[Web page caption snippets]
+ + + + + + +
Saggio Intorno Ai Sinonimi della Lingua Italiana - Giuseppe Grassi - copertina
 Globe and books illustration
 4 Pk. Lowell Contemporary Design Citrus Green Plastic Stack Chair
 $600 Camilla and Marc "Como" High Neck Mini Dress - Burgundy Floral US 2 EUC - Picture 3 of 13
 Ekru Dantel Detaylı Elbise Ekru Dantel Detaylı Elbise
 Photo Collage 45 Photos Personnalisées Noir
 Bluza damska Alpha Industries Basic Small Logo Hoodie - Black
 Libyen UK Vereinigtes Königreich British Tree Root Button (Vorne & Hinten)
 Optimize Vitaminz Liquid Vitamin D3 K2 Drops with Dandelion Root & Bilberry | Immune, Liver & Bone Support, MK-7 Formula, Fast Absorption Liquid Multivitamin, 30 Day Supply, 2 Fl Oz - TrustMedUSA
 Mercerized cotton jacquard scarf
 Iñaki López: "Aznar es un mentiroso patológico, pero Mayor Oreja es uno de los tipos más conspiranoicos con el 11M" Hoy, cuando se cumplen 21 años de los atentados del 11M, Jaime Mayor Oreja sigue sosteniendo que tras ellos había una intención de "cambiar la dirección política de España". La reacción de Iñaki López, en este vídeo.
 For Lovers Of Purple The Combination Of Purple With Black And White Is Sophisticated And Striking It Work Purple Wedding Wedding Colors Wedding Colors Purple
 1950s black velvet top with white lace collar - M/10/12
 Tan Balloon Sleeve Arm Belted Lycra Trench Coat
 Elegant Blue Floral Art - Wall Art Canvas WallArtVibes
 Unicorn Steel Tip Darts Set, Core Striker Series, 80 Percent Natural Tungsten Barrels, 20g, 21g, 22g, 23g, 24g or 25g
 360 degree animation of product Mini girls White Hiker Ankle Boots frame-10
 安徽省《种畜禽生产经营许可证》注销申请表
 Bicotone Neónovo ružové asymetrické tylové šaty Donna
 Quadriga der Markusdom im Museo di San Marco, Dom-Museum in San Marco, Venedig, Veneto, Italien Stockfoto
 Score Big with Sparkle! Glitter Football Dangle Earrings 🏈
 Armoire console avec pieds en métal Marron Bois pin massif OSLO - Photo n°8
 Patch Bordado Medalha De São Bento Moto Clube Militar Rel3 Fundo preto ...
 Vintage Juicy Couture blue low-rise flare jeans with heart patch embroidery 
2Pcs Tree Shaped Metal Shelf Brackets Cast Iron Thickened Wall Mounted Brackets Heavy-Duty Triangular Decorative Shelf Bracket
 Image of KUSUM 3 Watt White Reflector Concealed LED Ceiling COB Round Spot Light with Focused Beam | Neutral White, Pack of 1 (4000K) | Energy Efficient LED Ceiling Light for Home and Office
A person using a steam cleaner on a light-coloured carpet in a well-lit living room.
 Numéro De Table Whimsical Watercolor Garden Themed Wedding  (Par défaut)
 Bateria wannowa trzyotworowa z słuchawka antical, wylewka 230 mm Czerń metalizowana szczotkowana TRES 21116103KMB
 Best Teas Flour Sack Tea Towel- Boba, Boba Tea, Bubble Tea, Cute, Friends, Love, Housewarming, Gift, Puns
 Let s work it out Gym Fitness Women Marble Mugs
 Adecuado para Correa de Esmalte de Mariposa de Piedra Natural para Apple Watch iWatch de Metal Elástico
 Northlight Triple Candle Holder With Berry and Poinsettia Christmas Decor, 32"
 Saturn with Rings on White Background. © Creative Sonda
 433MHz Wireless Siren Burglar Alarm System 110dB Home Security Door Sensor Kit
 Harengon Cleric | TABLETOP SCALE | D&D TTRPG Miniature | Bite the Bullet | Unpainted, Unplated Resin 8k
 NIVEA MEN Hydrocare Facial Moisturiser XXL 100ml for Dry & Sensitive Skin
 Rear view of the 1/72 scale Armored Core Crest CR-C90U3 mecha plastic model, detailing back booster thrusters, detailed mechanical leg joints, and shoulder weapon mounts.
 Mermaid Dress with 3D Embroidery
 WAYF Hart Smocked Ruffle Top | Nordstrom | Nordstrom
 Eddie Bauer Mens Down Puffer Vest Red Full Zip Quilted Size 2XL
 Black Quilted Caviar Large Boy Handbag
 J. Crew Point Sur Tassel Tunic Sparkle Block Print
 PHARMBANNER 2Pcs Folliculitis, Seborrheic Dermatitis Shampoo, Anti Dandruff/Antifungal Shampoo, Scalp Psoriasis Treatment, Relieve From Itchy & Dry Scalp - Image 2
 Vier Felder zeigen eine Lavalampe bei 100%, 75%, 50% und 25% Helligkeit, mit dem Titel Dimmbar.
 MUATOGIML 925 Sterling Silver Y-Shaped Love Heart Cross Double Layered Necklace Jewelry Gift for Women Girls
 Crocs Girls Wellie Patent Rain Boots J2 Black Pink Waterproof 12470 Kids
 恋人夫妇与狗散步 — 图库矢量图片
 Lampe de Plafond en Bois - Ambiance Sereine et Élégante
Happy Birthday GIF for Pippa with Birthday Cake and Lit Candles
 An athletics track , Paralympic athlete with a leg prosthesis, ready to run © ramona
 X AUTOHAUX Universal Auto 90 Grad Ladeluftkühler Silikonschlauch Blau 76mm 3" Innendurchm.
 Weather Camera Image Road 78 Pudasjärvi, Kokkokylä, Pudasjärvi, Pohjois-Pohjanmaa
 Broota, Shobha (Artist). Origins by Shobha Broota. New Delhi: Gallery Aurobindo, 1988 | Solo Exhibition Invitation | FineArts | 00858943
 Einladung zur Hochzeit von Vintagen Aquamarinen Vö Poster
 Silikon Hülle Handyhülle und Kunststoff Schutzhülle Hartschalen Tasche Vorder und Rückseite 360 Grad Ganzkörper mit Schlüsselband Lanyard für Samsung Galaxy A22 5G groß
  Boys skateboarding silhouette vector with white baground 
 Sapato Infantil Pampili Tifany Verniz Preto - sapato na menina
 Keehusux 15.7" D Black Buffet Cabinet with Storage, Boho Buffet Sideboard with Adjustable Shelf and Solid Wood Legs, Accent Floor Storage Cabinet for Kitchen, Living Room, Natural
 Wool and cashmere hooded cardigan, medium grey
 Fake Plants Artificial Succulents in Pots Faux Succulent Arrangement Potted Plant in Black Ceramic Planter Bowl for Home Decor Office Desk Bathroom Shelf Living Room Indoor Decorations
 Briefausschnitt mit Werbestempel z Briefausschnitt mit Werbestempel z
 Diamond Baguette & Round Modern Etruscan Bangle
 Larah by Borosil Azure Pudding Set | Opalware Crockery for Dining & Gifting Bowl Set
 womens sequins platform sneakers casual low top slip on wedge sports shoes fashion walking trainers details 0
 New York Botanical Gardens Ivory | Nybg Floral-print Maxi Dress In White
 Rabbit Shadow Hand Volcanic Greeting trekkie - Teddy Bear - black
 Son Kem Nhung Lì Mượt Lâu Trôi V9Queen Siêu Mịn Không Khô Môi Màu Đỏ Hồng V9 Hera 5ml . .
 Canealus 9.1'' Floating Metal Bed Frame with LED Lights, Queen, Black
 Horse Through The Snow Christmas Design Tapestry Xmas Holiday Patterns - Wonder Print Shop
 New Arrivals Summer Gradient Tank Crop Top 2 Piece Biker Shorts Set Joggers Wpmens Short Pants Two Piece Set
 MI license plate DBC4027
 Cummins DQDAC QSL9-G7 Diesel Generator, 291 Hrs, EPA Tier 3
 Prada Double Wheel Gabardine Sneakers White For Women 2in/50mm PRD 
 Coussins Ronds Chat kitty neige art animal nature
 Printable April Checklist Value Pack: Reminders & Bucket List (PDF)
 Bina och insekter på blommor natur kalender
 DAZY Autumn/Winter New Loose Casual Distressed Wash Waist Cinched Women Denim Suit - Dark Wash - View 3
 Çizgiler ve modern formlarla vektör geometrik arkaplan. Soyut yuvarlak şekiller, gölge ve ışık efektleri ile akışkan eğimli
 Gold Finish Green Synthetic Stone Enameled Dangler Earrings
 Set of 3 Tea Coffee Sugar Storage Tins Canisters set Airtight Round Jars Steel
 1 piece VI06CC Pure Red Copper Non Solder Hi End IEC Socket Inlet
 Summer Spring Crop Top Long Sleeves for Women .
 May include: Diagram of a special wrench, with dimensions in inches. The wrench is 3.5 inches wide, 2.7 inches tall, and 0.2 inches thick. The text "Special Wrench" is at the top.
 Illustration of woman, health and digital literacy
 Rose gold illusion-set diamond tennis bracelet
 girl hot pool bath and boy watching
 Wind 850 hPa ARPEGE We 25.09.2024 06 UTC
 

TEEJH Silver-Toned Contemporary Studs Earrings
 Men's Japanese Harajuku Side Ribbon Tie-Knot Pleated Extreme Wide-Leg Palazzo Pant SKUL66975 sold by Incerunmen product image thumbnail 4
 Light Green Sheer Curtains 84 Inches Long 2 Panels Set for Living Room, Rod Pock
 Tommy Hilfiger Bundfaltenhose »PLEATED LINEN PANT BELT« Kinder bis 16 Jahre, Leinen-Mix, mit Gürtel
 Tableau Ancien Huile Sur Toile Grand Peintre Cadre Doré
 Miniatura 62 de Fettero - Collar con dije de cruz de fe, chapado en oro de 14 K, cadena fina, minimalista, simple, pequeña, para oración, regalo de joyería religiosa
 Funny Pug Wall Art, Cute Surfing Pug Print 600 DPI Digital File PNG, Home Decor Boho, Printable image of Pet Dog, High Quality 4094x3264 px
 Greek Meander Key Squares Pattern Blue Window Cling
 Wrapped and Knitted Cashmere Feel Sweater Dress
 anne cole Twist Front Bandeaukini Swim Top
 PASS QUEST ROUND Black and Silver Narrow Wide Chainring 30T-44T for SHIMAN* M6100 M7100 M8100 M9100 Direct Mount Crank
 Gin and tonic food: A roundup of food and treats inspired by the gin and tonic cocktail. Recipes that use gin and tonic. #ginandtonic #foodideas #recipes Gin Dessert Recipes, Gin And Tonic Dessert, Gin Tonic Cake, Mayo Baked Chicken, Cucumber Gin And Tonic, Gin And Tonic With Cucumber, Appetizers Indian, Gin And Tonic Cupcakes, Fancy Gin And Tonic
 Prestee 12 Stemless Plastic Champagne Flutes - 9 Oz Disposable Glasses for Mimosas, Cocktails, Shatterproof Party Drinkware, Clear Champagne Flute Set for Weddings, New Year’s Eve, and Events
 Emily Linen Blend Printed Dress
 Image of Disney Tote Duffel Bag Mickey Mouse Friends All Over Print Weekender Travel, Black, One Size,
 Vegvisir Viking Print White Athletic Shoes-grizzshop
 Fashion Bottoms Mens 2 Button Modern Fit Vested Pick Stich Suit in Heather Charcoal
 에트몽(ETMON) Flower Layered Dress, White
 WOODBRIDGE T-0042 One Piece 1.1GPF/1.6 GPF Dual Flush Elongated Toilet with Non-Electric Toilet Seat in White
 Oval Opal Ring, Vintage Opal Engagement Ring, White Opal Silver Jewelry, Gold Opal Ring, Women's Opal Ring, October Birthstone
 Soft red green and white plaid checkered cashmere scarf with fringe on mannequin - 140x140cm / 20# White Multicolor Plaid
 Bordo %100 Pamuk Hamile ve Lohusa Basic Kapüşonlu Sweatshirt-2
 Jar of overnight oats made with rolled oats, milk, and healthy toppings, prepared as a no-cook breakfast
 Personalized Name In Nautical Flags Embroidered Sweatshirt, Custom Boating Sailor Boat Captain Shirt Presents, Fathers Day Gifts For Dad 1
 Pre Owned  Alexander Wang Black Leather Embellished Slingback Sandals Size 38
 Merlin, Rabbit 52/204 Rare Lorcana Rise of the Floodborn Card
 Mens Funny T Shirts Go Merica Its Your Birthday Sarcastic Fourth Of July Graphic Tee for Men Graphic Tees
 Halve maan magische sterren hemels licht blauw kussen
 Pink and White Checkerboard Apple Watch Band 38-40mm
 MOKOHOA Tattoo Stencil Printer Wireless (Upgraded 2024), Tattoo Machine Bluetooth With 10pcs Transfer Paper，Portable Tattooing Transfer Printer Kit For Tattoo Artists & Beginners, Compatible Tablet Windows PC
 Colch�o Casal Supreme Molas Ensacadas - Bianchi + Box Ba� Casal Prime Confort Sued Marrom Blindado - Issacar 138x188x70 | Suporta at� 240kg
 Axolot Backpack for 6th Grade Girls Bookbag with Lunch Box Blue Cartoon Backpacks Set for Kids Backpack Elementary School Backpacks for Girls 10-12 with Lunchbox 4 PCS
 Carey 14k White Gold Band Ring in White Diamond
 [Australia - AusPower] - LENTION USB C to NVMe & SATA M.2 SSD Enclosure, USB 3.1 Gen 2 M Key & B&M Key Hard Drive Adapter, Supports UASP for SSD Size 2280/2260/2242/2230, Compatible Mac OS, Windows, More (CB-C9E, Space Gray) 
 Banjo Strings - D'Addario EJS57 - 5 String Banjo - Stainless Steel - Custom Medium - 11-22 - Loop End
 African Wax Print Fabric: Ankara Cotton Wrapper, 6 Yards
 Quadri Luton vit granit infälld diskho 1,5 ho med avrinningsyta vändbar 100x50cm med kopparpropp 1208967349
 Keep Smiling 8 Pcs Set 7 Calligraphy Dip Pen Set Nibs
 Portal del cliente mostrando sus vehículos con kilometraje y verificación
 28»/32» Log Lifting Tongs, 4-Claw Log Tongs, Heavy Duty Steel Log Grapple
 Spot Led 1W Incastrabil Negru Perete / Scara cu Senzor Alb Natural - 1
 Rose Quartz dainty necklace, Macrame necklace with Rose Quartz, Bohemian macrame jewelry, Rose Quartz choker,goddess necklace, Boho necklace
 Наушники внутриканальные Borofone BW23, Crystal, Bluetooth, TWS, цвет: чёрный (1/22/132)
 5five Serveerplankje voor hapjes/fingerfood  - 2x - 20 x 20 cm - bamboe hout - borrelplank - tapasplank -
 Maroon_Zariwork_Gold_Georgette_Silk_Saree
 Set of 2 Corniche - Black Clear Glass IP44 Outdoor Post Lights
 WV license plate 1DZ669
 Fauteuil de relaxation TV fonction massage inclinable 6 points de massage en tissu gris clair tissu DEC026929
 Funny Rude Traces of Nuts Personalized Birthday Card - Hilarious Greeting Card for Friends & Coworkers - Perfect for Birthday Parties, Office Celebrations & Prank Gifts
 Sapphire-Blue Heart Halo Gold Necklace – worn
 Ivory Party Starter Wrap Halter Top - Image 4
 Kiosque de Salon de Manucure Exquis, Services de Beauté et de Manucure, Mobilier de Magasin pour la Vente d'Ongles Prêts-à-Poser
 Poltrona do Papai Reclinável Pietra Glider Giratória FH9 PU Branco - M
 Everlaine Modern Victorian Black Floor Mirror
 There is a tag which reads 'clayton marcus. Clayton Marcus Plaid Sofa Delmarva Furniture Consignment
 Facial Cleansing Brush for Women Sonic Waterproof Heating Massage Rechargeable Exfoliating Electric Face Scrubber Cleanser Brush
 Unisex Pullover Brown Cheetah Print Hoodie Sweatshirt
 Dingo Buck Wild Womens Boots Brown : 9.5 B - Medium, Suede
+ + + + + + +
▸ **Problem to solve**: What lines above hold the word "Printable"? List them all.

▸ **Written reply**:
 Printable April Checklist Value Pack: Reminders & Bucket List (PDF)
 Funny Pug Wall Art, Cute Surfing Pug Print 600 DPI Digital File PNG, Home Decor Boho, Printable image of Pet Dog, High Quality 4094x3264 px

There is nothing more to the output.